Sarkozy ou Hollande ≈ Hobbes ou Rousseau ? Spinoza comme arbitre

Le débat Hobbes/Rousseau est-il pertinent pour comprendre le duel présidentiel Sarkozy/Hollande ? Telle est la question à laquelle Philosophie Magazine a proposé de réfléchir en ce mois d’avril, à 10 jours du premier tour des élections.
Hobbes
Pour Hobbes, l’homme est un être désirant et animé par la vanité. C’est ainsi que les hommes sont enclins « à s’attaquer et à se détruire les uns les autres. » A l’état de nature, les hommes vivent sous la menace permanente de la mort violente. Cette peur d’être attaqué par les autres détruit toute possibilité de prospérité et de progrès. Aucune vie en société n’est donc possible sans un pouvoir autoritaire qui empêche la guerre de tous contre tous. Poussés par la peur, les individus deviennent assez raisonnables, selon Hobbes, pour instaurer un pouvoir central souverain chargé de faire régner l’ordre et la sécurité. En retour chacun renonce à son droit de nature. Le pouvoir souverain est absolu mais il propose en échange de l’obéissance la protection contre la violence.
Hobbes écrit : « Nul n’a la liberté de résister au glaive de l’État pour défendre un autre, qu’il soit coupable ou innocent, parce qu’une liberté semblable prive le souverain des moyens de nous protéger et détruit, par conséquent l’essence même du gouvernement. » Le sacrifice de la liberté individuelle est donc le prix à payer pour la sécurité. Convaincu que « l’homme est un loup pour l’homme » Hobbes a donc imaginé un État-Léviathan qui fasse peur aux hommes pour éviter le retour à «la guerre de tous contre tous », qui caractérise selon lui l’état de nature.

Rousseau
Rousseau, de son côté, défendait au contraire une bonté naturelle originelle, corrompue par la société et appelée à être réactivée par un « contrat social ». Déjà, dans le Discours sur les sciences et les arts (1750), il montrait que la corruption des mœurs accompagne toujours le développement des sciences et des arts. Autrement dit, le luxe nourrit les inégalités et détourne les hommes de leur devoir. Il écrit : « on a de tout avec de l’argent, hormis des mœurs et des citoyens ». Le luxe prend racine dans une société lorsque les citoyens donnent libre cours à leurs désirs individuels de confort et de richesses. Ces désirs créent des inégalités entre les citoyens en plus d’affaiblir leur dévouement au bien commun. Quelles limites faudrait-il alors fixer au luxe ? La réponse de Rousseau est que « tout est source de mal au-delà du nécessaire physique. La nature ne nous donne que trop de besoins ; et c’est au moins une très haute imprudence de les multiplier sans nécessité, et de mettre ainsi son âme dans une plus grande dépendance ». Par conséquent, selon lui : « l’une des fonctions les plus importantes du gouvernement est de prévenir l’extrême inégalité des fortunes. » Les impôts doivent être conçus de manière à construire une société juste à travers l’éradication de la consommation superflue.
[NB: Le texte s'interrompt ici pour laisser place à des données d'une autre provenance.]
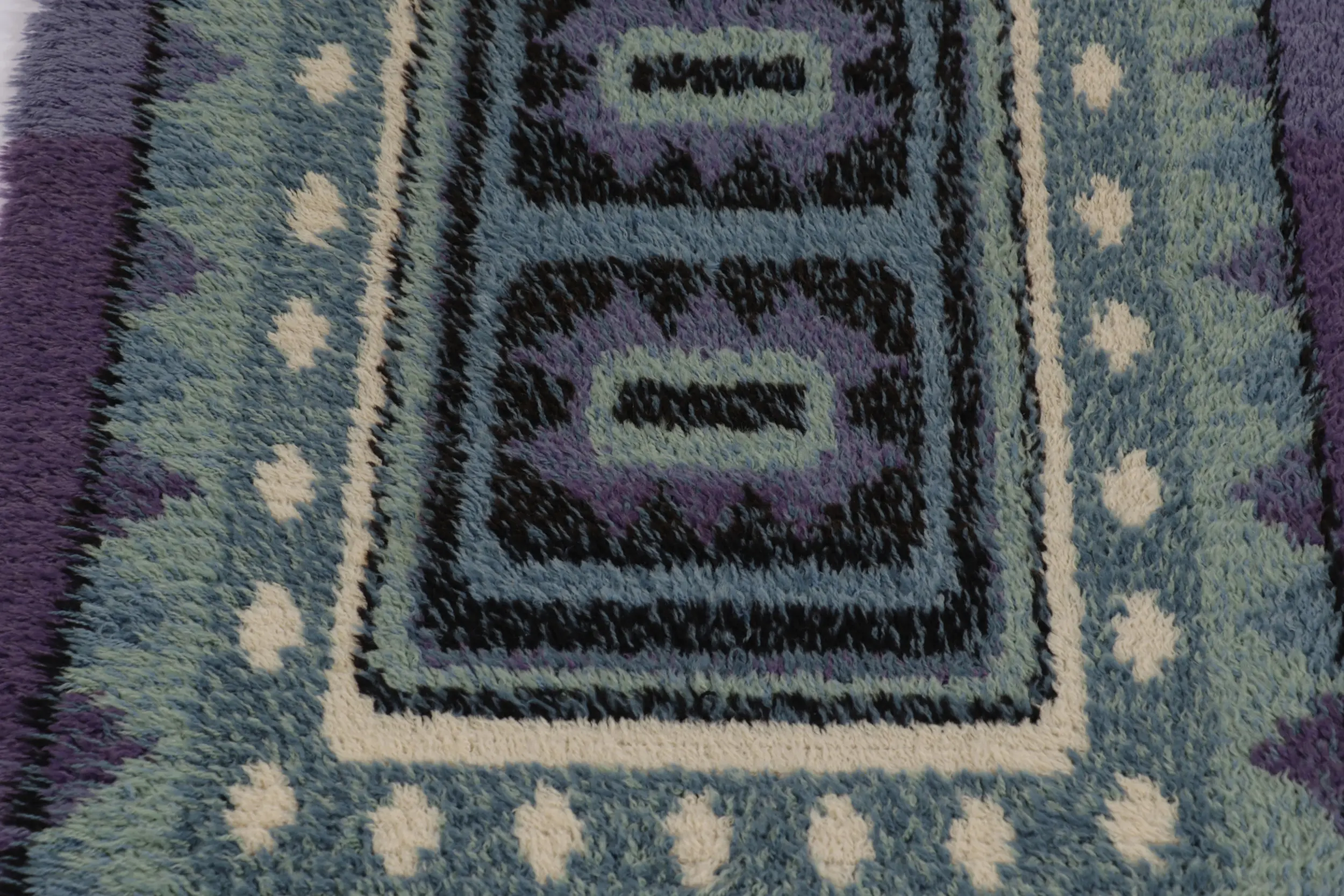 Vintage Swedish Geometric Runner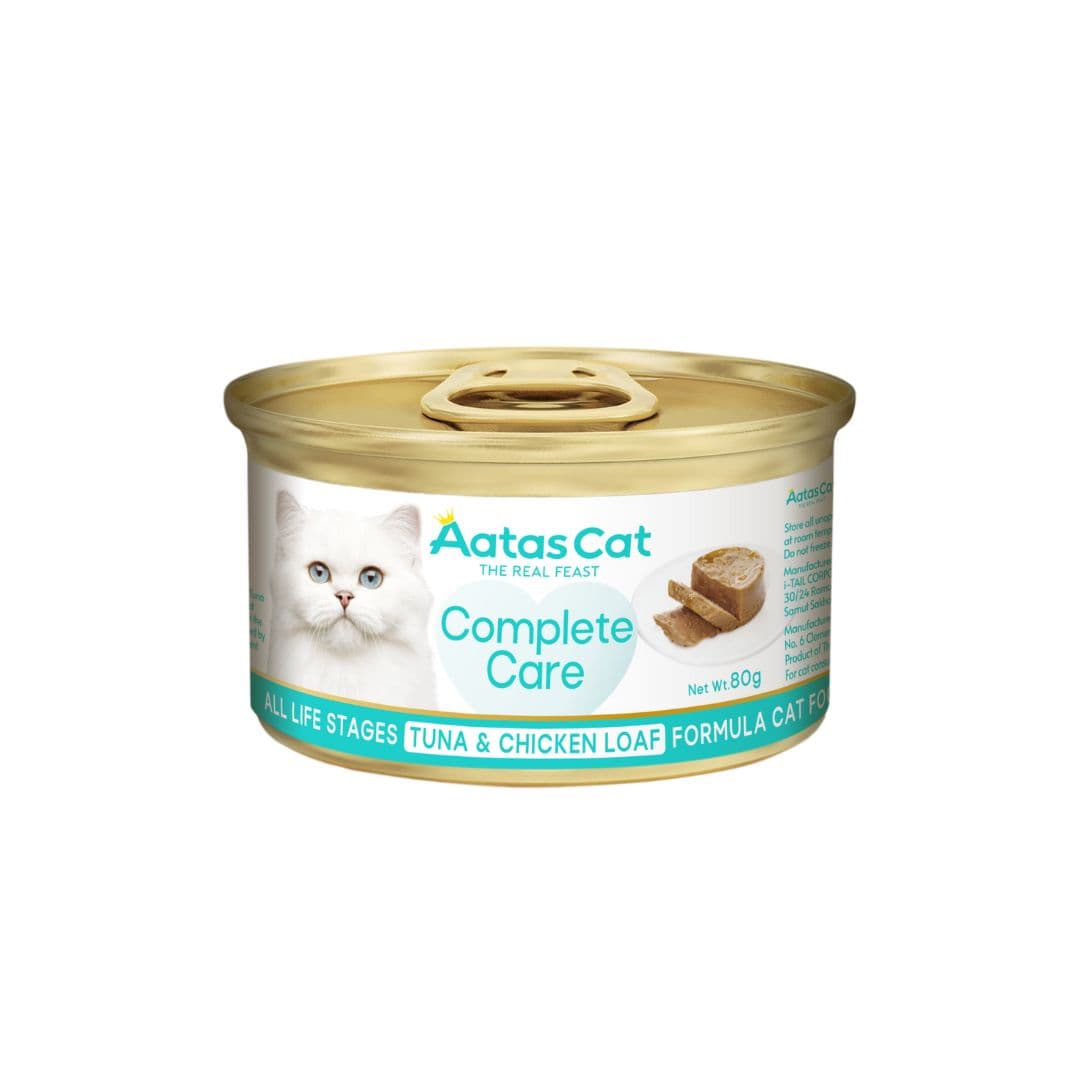 Aatas Cat 80g Complete Care Tuna & Chicken Loaf Formula Wet Cat Food image 1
Or, il est bien vrai que Nicolas Sarkozy semble proche de la philosophie autoritaire de Hobbes, là où François Hollande rejoint l’aspiration égalitariste de Rousseau. Vu sous cet angle, le débat, en apparence atone, de la présidentielle prend un relief tout à fait inattendu. Mais on peut même aller plus loin, n’est-ce pas au fond le duel droite/gauche dont il est question à travers ce débat Hobbes/Rousseau ? N’est-ce pas, à des degrés divers, toute la droite française qui serait hobbesienne, tandis que la gauche, écologistes compris, serait rousseauiste?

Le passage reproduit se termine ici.